Let's break this down into layman's terms.
Understanding the Numbers
Say we have a town with four different houses, each valued differently and a required city budget of $1000. If the total value of all the houses equaled $100,000 then the property tax rate would be one percent.
This means that each person would be required to pay one percent of the value of their home to property taxes. Everyone is paying the same tax rate, but those who have a property valued higher than others would pay a slightly higher fee.
Even if the value of the homes were to go up, as long as the budget stays the same the amount paid would remain the same, though the percentage rate may go down. But who decided how properties are valued?
The Role of Assessors
In order to determine the monetary worth of a home in a particular area, you need the help of an assessor. Assessors are the ones responsible for appraising a home and property based on certain qualifying factors.
Assessors do not set the tax rate, they simply find the value of a property and attempt to do so with as much accuracy and fairness as possible.
They do this with a very thorough process that involves comparing similar houses, size of the property, age, curb appeal, renovations, and so much more. It's not as simple as comparing two houses sitting next to each other.
They take every factor into consideration, including location, and even current style trends. Assessors are required to evaluate properties every five years so that the tax rates can continue to change based on the overall value of homes in the city.
Once they have determined the worth of these properties, it is up to the city to figure how much money they need for city expenses, and how much of those expenses are to be taken from property taxes.
Why Do Taxes Go Up?
Cities are always trying to embark on projects and endeavors to improve life in the city. From public transportation to affordable housing projects, or expanding floating bridges, the city of Seattle always has something new in mind.

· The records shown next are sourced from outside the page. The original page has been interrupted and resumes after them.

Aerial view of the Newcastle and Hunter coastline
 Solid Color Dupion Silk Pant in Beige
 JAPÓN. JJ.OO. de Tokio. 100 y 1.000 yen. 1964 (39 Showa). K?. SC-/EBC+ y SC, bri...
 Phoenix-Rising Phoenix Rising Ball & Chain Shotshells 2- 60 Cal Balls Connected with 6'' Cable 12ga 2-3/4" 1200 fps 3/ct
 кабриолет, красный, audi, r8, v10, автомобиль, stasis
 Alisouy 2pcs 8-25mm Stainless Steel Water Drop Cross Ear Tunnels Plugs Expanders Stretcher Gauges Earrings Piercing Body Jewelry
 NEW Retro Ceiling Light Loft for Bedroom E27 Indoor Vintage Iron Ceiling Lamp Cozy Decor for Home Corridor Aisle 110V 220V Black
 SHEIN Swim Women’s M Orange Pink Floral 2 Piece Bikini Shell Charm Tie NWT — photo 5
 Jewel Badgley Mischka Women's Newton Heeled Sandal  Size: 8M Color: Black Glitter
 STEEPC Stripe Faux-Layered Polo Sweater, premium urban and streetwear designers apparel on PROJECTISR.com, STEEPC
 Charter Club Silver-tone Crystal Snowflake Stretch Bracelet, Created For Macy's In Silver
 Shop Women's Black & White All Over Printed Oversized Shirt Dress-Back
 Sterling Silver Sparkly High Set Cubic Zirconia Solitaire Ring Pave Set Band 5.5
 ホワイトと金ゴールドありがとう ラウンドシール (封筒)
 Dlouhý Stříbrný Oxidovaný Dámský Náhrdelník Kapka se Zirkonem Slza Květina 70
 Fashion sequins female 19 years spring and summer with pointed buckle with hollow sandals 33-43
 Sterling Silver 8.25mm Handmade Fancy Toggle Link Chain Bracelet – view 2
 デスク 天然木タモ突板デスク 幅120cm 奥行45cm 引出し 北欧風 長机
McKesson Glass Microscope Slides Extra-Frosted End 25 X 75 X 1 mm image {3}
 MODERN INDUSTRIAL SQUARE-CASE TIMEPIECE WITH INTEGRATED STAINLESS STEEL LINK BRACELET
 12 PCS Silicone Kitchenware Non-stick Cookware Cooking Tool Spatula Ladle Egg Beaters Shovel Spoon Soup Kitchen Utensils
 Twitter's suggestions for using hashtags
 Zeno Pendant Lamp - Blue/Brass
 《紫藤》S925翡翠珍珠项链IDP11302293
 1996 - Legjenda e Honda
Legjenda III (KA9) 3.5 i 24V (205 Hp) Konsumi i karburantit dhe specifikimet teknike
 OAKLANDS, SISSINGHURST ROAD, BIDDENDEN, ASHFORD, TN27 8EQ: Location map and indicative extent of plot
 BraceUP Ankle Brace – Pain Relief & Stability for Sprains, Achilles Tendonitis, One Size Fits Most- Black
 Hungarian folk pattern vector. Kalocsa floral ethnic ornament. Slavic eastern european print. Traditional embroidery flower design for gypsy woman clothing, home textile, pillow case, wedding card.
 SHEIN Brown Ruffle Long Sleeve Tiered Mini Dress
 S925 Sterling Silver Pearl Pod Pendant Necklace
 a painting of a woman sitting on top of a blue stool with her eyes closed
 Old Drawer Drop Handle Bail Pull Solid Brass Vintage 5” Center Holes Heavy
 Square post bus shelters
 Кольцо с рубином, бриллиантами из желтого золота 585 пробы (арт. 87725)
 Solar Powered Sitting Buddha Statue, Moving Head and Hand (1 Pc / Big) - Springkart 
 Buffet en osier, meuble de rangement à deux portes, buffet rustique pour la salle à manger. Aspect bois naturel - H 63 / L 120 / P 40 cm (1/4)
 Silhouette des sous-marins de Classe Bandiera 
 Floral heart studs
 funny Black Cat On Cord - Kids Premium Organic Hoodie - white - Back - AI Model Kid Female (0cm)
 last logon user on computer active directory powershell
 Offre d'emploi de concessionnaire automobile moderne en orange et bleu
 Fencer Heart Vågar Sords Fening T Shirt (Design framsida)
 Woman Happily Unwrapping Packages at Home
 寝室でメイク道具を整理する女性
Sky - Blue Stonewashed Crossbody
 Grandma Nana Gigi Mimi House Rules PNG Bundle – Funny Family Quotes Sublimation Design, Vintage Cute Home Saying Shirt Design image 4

However, these projects require funding, and the city gathers its funding from taxes. These taxes can come in many different forms, mainly sales tax, property tax, and gas taxes.
If the budget begins to increase, then the rate of taxes will, too. Especially if the housing market isn't keeping up with the city's demands.
Also, it's important to know that it's not the city of Seattle even that determines the tax rate, but rather, the county it is in; King County.
Understanding Seattle Property Tax
Now that you have a better understanding of property tax as a whole, we can learn a bit more about the tax rates in Seattle, as well as an outlook on property tax in the future.
Knowing this information will not only help you to plan your own expenses when considering real estate in Seattle but also give you peace-of-mind knowing where those tax dollars are going.
Most people bundle their property taxes in with their mortgage payments, so this is pertinent information to know; especially for first-time buyers.
What Are the Current Tax Rates in Seattle?
There is a lot of industry and growth in Seattle, and with the increase of demand comes the increase in taxes. In fact, this time last year, King County announced that it would be increasing property taxes by a whopping 17 percent.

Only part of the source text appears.